Content starts

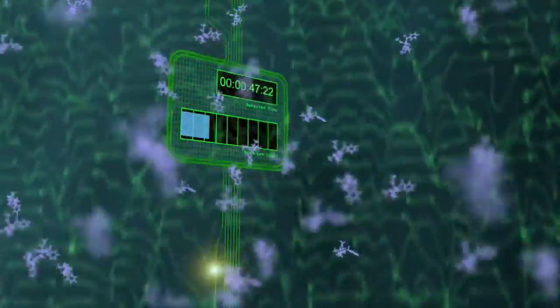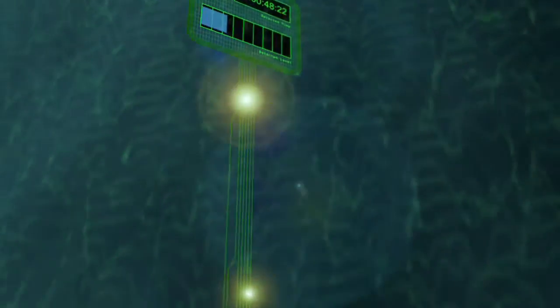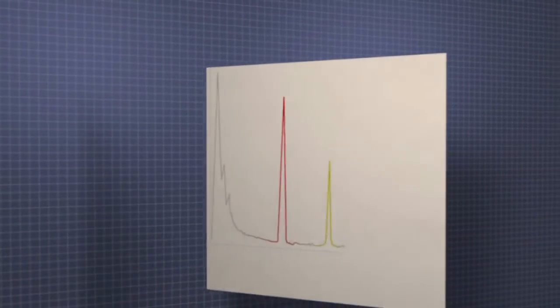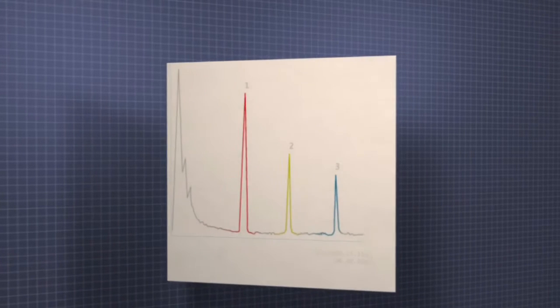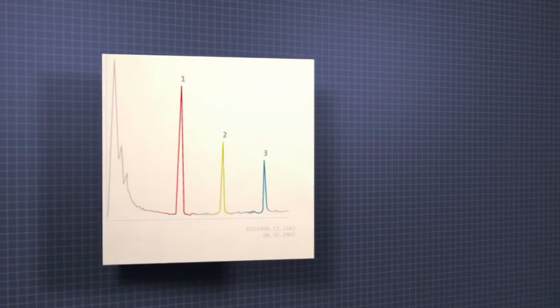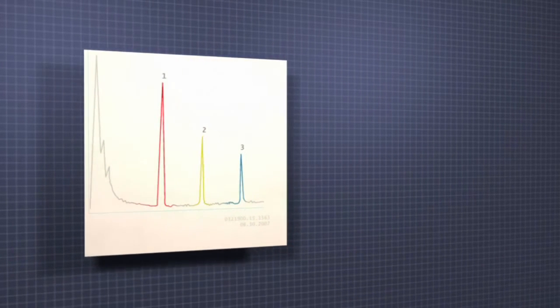The detector sends an electronic signal to an amplifier, which prints a chromatogram representing the exit time and amount of each compound with a series of peaks.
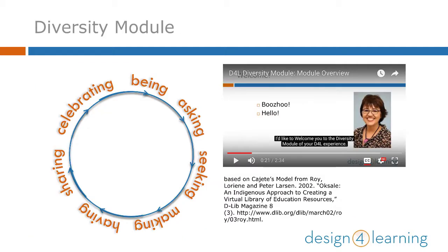In the Diversity module, Dr. Laureen Roy spends 4 weeks sharing key concepts to help you draft your own definition and expand your observance and practice of diversity as an online learner and teacher.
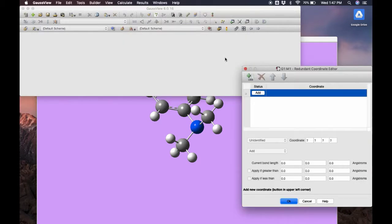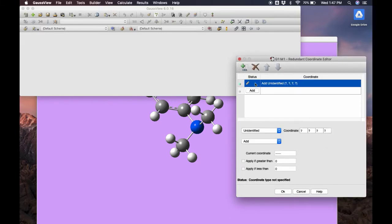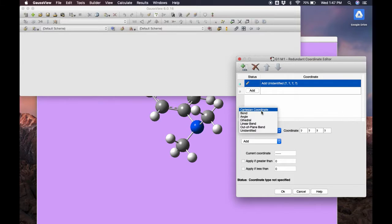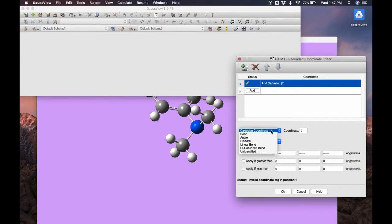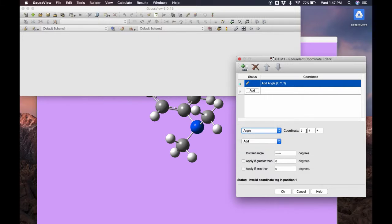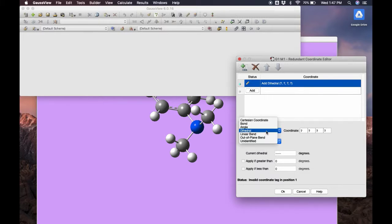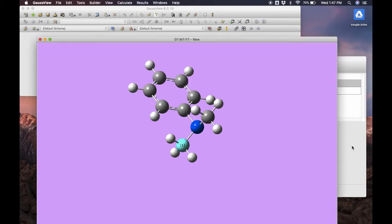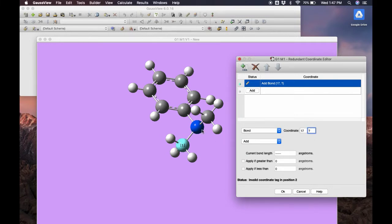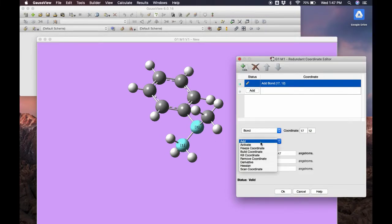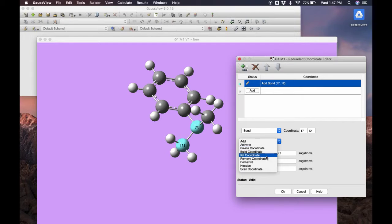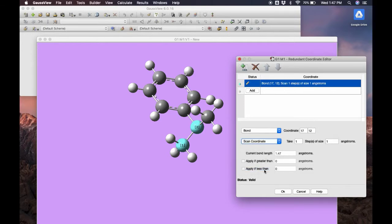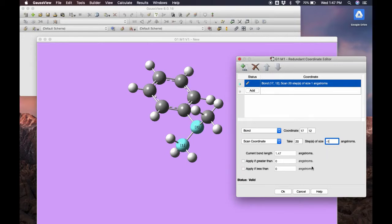I'll show you the redundant coordinate editor. We can add a redundant coordinate - either an atom, bond, angle, or dihedral. Let's select a bond. It's going to have two atoms, so we click on the two atoms in the bond that we want to analyze. Now the fields are filled. We can freeze the bond, calculate the Hessian, or scan it. For scanning, we specify steps and step length - here, 20 steps of one angstrom. If we wanted to decrease the bond, we'd make it a negative length.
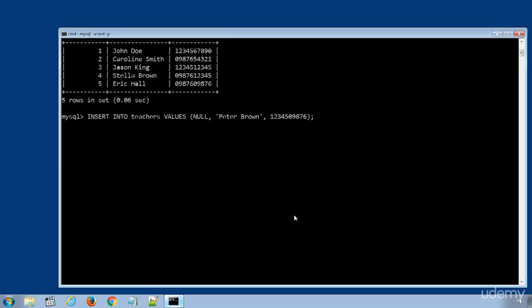I will hit enter to run the SQL statement. If you see the message 'query ok, one row affected' it means the data row was successfully inserted to the table.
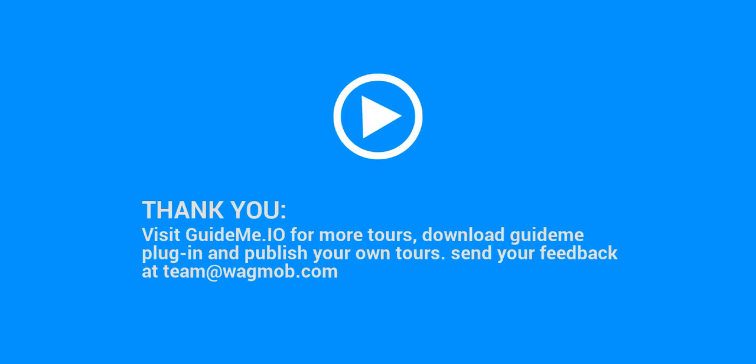Thank you for watching GuideMeTour. Visit guideme.io for more tours, download the GuideMe plugin and publish your own tours. Send your feedback at team@wagmob.com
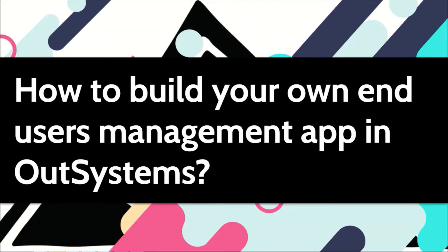Although OutSystems comes with a pre-built application for end-users management, in some cases you may want to have your own end-users management, like an admin to your app.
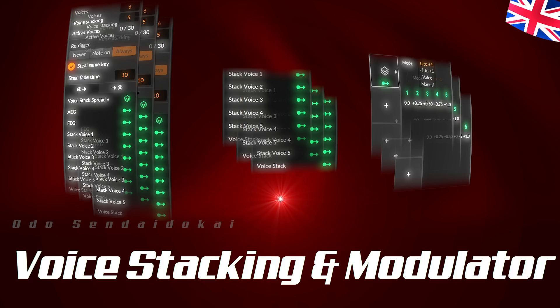Hello and a very warm welcome. My name is Odo Sendaido Kai and in this video I explain voice stacking, the voice stacking modulator, voice spread and unison. I'll be happy if you give the video a thumbs up and subscribe to the channel. Let's get started.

Content ends

* **Requirement**:
Output nothing but the records, word for word, and none of their pictures.

* **Written reply**:
The detector sends an electronic signal to an amplifier, which prints a chromatogram representing the exit time and amount of each compound with a series of peaks.
In the Diversity module, Dr. Laureen Roy spends 4 weeks sharing key concepts to help you draft your own definition and expand your observance and practice of diversity as an online learner and teacher.
I'll show you the redundant coordinate editor. We can add a redundant coordinate - either an atom, bond, angle, or dihedral. Let's select a bond. It's going to have two atoms, so we click on the two atoms in the bond that we want to analyze. Now the fields are filled. We can freeze the bond, calculate the Hessian, or scan it. For scanning, we specify steps and step length - here, 20 steps of one angstrom. If we wanted to decrease the bond, we'd make it a negative length.
I will hit enter to run the SQL statement. If you see the message 'query ok, one row affected' it means the data row was successfully inserted to the table.
Thank you for watching GuideMeTour. Visit guideme.io for more tours, download the GuideMe plugin and publish your own tours. Send your feedback at team@wagmob.com
Although OutSystems comes with a pre-built application for end-users management, in some cases you may want to have your own end-users management, like an admin to your app.
Hello and a very warm welcome. My name is Odo Sendaido Kai and in this video I explain voice stacking, the voice stacking modulator, voice spread and unison. I'll be happy if you give the video a thumbs up and subscribe to the channel. Let's get started.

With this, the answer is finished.